Page MenuHomePhabricator

Haproxykafka silently stops sending request data to kafka
Closed, ResolvedPublic

Description

Given the issue with cp5017 being unable to process logs in the latest days (and no one noticed) we need to review how HAProxyKafka alerts are defined.

Apparently cp5017 haproxykafka process (and service) was up as reported by systemd but no messages has been sent to Kafka in the intervals from 2025-06-30@03:23UTC to 2025-7-07@12:40UTC and from 2025-07-15@15:59UTC to 2025-07-21@08:44UTC when the functionality has been (inadvertently) restarted while debugging.

Debugging during the issue has been hard due to the complete refusal of the process to serve pprof information (through the /debug/ endpoint) and even strace showed no activity with network, file or process queries.

While debugging threads backtraces with gdb for eventual deadlocks, the process restarted it's usual behavior, restarting processing and sending logs to the kafka cluster.
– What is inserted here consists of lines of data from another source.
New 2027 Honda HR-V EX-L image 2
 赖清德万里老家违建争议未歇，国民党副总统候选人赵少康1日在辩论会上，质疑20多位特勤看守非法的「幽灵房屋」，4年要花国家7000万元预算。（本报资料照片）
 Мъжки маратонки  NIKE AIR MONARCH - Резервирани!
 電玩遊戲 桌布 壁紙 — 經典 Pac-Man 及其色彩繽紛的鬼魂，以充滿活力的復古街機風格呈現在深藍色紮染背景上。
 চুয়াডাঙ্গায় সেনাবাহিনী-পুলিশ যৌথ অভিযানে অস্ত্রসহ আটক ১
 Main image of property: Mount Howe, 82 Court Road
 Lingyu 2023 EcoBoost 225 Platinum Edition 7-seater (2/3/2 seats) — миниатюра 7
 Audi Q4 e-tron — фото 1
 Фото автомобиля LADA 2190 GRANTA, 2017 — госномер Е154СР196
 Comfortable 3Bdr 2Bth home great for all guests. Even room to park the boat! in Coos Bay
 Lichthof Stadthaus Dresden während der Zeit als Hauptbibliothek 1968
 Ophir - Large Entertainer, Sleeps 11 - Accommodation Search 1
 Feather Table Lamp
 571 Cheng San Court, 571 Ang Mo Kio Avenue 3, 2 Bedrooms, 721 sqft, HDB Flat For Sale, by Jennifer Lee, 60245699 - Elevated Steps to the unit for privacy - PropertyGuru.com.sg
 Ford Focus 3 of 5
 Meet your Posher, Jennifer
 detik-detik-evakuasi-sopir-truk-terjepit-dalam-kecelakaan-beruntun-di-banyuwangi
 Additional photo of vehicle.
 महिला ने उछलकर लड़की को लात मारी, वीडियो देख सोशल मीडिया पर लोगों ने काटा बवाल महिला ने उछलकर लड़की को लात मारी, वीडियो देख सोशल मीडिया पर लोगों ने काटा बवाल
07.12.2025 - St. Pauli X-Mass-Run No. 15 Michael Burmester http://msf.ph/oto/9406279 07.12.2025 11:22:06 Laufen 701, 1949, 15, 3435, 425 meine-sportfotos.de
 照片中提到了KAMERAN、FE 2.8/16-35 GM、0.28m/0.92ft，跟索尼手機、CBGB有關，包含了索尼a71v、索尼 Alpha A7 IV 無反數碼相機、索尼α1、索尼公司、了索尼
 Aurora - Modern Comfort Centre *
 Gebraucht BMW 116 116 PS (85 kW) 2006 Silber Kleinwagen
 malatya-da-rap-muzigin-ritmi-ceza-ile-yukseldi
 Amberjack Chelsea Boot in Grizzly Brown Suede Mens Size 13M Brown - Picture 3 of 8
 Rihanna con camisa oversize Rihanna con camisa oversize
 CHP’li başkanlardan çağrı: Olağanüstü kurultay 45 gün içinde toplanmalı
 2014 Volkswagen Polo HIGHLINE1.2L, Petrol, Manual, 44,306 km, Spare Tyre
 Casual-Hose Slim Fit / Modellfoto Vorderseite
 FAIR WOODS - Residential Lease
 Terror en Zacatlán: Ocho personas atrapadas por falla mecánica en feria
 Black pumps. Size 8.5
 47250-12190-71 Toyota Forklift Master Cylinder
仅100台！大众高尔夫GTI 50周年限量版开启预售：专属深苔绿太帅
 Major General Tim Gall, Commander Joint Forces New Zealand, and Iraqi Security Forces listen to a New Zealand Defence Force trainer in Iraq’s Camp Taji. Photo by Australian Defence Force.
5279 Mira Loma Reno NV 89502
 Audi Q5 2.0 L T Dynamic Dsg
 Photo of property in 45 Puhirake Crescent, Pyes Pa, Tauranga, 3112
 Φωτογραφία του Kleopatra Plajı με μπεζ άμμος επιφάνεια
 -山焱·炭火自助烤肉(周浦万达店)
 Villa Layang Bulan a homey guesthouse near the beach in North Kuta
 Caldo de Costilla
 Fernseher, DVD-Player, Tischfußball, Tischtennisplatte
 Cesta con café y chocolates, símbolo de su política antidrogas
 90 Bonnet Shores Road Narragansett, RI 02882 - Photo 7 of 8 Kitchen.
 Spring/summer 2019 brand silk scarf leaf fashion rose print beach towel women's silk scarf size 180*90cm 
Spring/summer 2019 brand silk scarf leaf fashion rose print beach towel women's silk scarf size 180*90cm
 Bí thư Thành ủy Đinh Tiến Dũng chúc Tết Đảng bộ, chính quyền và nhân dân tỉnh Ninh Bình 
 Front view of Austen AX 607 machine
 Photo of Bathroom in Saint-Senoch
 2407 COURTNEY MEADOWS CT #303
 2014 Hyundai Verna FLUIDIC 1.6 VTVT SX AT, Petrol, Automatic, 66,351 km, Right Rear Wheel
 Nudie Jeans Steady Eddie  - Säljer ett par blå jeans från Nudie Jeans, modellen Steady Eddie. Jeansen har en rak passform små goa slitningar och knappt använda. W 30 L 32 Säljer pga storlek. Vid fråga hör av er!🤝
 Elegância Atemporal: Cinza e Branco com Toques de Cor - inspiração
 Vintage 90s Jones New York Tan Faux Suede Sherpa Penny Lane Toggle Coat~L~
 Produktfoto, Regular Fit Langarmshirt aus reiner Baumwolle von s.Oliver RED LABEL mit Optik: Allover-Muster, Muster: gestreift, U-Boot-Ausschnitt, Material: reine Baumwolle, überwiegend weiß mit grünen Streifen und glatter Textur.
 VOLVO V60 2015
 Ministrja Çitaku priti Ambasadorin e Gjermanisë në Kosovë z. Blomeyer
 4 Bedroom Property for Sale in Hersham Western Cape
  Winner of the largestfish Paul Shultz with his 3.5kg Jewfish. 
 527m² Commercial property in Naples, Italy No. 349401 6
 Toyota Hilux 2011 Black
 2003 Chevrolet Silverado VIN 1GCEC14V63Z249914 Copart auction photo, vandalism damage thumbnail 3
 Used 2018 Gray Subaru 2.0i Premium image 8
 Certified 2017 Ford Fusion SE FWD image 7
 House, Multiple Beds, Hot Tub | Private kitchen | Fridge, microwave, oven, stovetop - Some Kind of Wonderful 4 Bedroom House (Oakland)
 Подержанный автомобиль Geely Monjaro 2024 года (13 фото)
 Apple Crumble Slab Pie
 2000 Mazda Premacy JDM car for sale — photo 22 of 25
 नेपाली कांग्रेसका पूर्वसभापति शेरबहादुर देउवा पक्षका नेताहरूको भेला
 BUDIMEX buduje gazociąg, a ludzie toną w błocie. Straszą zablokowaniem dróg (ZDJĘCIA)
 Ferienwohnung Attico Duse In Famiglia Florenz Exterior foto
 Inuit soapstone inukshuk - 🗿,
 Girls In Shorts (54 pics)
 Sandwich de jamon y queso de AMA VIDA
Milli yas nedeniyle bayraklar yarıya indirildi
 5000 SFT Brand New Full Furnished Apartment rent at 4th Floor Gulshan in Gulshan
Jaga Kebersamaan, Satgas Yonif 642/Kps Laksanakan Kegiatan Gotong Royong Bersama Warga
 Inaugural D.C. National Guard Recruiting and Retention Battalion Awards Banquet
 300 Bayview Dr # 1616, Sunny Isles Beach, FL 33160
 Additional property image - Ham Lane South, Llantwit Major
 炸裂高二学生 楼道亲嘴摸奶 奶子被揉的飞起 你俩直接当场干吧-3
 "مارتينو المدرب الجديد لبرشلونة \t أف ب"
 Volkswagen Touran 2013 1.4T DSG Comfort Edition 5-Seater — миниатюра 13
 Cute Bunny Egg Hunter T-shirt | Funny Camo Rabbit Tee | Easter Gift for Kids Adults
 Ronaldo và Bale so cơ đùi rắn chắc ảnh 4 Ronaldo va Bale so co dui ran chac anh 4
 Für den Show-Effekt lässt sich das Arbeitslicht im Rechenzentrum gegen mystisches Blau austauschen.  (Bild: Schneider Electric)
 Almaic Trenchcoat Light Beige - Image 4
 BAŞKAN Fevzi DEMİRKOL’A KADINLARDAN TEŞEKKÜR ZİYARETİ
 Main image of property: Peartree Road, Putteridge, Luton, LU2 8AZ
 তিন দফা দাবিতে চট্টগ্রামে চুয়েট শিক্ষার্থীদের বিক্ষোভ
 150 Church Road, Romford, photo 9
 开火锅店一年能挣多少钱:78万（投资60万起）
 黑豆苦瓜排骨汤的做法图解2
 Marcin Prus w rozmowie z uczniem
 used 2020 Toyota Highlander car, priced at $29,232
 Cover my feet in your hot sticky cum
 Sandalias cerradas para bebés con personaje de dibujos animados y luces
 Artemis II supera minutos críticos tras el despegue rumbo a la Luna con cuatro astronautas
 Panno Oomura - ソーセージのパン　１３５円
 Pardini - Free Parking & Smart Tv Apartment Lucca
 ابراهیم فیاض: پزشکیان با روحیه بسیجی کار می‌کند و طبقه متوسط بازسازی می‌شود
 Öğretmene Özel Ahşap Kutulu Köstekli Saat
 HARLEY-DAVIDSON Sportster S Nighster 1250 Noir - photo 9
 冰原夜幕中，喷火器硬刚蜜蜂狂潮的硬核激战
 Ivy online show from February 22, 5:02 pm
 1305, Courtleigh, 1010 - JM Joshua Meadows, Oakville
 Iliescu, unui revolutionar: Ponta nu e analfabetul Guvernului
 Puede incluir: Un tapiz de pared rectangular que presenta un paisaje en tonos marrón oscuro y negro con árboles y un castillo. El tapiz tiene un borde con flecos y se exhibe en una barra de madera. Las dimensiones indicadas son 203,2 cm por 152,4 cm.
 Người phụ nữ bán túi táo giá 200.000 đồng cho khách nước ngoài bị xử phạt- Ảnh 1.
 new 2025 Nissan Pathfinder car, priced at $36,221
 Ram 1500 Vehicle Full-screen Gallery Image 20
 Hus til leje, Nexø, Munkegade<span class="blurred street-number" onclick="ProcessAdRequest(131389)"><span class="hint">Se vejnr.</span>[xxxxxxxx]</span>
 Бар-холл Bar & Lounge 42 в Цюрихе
To avoid this in the future we should add a couple of alerts:

  • Check if the prometheus exporter is up
  • Check that we're sending a reasonable amount of messages, compared to the number of requests received by HAProxy (essentially replicating the current HaproxyKafka alert for DE.

Some screenshot of the issue for reference:

Availability of the prometheus exporter on cp5017:

hpk_cp5017_1.png (1,435×589 px, 57 KB)

Requests not showed on Turnilo compared to other cluster hosts:

hpk_turnilo.png (1,671×699 px, 46 KB)

Update: this happened to cp3071 too:

Screenshot from 2025-07-23 17-23-51.png (1,257×234 px, 15 KB)

Event Timeline

Fabfur renamed this task from Create alert for low haproxykafka message rate (traffic) to Create better alerts for HAProxyKafka.Jul 21 2025, 10:25 AM
Fabfur triaged this task as High priority.
Fabfur added a project: HaproxyKafka.
Fabfur updated the task description. (Show Details)
Vgutierrez renamed this task from Create better alerts for HAProxyKafka to Haproxykafka silently stops sending request data to kafka.Jul 21 2025, 10:34 AM

Change #1171176 had a related patch set uploaded (by Fabfur; author: Fabfur):

[operations/alerts@master] traffic: new alerts for haproxykafka

https://gerrit.wikimedia.org/r/1171176

Change #1171176 merged by Fabfur:

[operations/alerts@master] traffic: new alerts for haproxykafka

https://gerrit.wikimedia.org/r/1171176

Adding DE team too, considering that two hosts didn't sent messages for a long time and this could be impacting on the analytics data.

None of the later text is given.